Cisco is warning of a critical flaw in the web server of its IP phones. If exploited, the flaw could allow an unauthenticated, remote attacker to execute code with root privileges or launch a denial-of-service (DoS) attack.
Proof-of-concept (PoC) exploit code has been posted on GitHub for the vulnerability (CVE-2020-3161), which ranks 9.8 out of 10 on the CVSS scale. Cisco issued patches in a Wednesday advisory for the flaw, which affects various versions of its Cisco IP phones for small- to medium-sized businesses.
According to Jacob Baines with Tenable, who discovered the flaw, Cisco IP phone web servers lack proper input validation for HTTP requests. To exploit the bug, an attacker could merely send a crafted HTTP request to the /deviceconfig/setActivationCode endpoint (on the web server of the targeted device).
This triggers a stack-based buffer overflow due to the lack of input validation: “In libHTTPService.so, the parameters after /deviceconfig/setActivationCode are used to create a new URI via a sprintf function call. The length of the parameter string is not checked,” according to Baines.
The end result is the attacker being able to crash the device, or even potentially execute code remotely.
Affected products include: IP Phone 7811, 7821, 7841, and 7861 Desktop Phones; IP Phone 8811, 8841, 8845, 8851, 8861, and 8865 Desktop Phones; Unified IP Conference Phone 8831 and Wireless IP Phone 8821 and 8821-EX.
Of note, according to Cisco, some of these products (particularly the Wireless IP Phone 8821 and 8821-EX) are utilized by the healthcare industry who are currently on the frontlines of the coronavirus pandemic.

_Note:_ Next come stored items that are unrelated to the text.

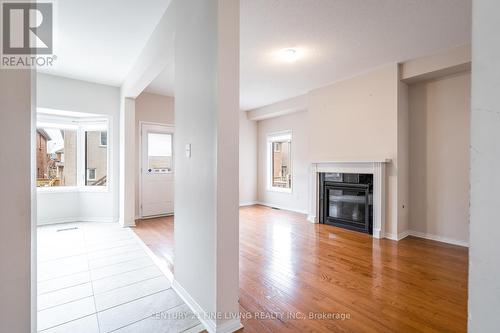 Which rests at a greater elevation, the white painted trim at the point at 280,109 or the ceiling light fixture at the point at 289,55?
the ceiling light fixture at the point at 289,55

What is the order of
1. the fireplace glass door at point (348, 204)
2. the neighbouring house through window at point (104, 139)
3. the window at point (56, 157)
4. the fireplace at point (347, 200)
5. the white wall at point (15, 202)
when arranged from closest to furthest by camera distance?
1. the white wall at point (15, 202)
2. the fireplace at point (347, 200)
3. the fireplace glass door at point (348, 204)
4. the window at point (56, 157)
5. the neighbouring house through window at point (104, 139)

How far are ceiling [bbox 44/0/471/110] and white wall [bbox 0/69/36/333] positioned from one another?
1.89 meters

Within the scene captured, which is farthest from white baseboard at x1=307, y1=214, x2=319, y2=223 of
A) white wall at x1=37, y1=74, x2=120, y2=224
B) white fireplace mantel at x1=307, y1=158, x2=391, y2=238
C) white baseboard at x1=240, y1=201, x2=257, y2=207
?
white wall at x1=37, y1=74, x2=120, y2=224

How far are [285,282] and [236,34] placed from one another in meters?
2.20

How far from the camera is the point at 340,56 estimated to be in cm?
328

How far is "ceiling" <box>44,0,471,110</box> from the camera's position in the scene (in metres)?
2.27

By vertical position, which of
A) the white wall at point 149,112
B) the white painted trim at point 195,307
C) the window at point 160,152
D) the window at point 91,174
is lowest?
the white painted trim at point 195,307

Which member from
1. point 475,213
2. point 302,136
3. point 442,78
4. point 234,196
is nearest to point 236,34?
point 234,196

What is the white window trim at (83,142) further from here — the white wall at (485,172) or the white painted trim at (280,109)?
the white wall at (485,172)

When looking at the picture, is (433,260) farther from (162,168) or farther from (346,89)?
(162,168)

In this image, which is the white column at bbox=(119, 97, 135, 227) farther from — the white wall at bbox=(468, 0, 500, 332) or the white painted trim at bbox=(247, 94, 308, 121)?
the white wall at bbox=(468, 0, 500, 332)

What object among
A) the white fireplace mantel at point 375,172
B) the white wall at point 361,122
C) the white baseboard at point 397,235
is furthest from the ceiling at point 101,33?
the white baseboard at point 397,235

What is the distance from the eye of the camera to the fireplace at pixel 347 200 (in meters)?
3.84

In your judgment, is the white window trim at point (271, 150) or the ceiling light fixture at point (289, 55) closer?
the ceiling light fixture at point (289, 55) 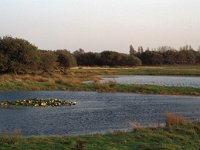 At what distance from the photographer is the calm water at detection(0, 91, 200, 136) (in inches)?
949

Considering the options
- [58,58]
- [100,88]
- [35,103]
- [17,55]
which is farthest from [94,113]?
[58,58]

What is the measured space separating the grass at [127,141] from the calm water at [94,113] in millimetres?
3507

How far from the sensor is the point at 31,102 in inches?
1433

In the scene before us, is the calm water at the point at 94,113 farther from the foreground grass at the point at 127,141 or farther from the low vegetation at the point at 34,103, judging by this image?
the foreground grass at the point at 127,141

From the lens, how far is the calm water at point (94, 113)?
2409 cm

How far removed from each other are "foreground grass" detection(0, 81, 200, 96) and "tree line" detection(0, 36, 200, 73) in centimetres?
1642

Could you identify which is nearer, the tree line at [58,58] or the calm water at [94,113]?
the calm water at [94,113]

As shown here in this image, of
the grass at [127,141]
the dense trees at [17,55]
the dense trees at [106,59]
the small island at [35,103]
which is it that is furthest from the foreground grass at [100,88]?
the dense trees at [106,59]

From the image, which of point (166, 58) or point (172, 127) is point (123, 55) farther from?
point (172, 127)

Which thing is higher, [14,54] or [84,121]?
[14,54]

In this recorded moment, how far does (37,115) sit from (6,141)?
1243 cm

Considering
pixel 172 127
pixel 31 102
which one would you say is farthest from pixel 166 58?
pixel 172 127

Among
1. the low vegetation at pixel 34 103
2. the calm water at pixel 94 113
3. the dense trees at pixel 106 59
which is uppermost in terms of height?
the dense trees at pixel 106 59

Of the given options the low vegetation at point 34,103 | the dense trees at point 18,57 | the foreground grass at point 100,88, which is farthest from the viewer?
the dense trees at point 18,57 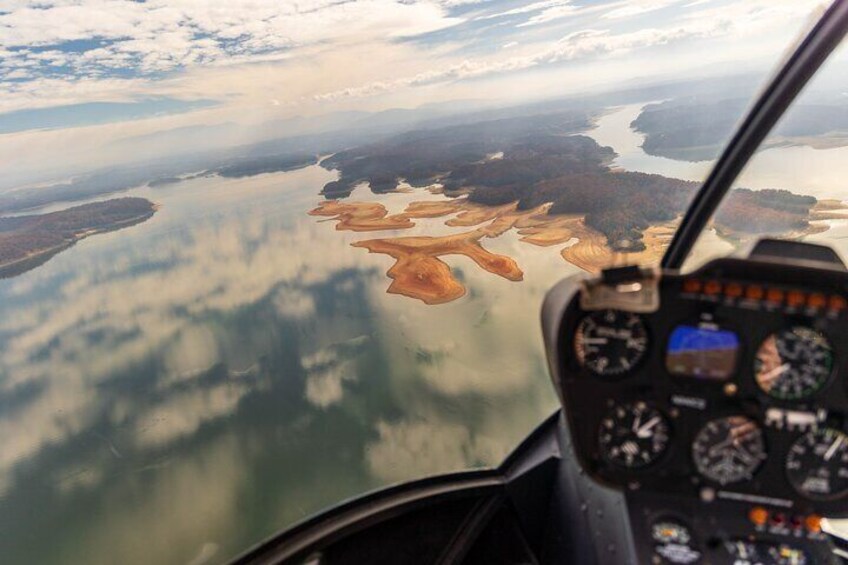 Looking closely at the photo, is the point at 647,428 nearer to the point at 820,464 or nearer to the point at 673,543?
the point at 673,543

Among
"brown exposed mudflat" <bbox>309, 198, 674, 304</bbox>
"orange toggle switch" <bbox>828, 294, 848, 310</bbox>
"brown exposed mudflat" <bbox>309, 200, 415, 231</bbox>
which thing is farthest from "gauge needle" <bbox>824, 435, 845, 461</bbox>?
"brown exposed mudflat" <bbox>309, 200, 415, 231</bbox>

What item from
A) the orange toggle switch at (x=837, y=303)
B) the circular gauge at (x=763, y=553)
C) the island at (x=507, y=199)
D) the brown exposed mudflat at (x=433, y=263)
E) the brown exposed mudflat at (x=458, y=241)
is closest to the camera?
the orange toggle switch at (x=837, y=303)

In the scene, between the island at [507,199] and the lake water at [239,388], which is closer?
the lake water at [239,388]

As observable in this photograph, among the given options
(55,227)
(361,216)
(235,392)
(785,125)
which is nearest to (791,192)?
(785,125)

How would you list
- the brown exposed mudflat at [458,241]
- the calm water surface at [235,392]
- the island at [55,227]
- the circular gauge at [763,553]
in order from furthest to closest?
the island at [55,227]
the brown exposed mudflat at [458,241]
the calm water surface at [235,392]
the circular gauge at [763,553]

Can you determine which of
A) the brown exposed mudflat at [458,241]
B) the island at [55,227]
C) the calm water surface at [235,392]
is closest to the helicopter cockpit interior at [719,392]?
the calm water surface at [235,392]

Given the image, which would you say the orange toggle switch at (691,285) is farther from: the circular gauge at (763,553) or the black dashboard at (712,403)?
the circular gauge at (763,553)

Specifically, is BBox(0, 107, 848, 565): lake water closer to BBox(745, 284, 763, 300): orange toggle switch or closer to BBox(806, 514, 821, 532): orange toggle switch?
BBox(806, 514, 821, 532): orange toggle switch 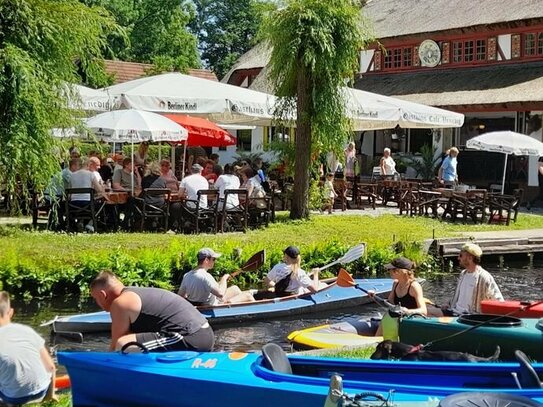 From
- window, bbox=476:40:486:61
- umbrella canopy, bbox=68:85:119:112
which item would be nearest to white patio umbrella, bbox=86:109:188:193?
umbrella canopy, bbox=68:85:119:112

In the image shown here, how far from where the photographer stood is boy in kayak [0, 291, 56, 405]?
7.12 metres

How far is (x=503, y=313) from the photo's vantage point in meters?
10.1

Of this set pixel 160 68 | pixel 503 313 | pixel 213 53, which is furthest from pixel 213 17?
→ pixel 503 313

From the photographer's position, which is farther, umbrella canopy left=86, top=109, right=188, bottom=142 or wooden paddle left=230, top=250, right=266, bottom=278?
umbrella canopy left=86, top=109, right=188, bottom=142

Cisco has also confirmed various products that aren’t affected by the flaw on its website. Beyond Cisco’s patches, one mitigation for the flaw is disabling web access on the IP phones (in fact, web access is disabled by default on IP phones), according to Cisco.
New findings by Tenable’s Baines also led Cisco to bump up the severity of a previously-discovered vulnerability (CVE-2016-1421) in its IP phones to critical on Wednesday. Previously the flaw was medium-severity (ranking 5 out of 10 on the CVSS scale).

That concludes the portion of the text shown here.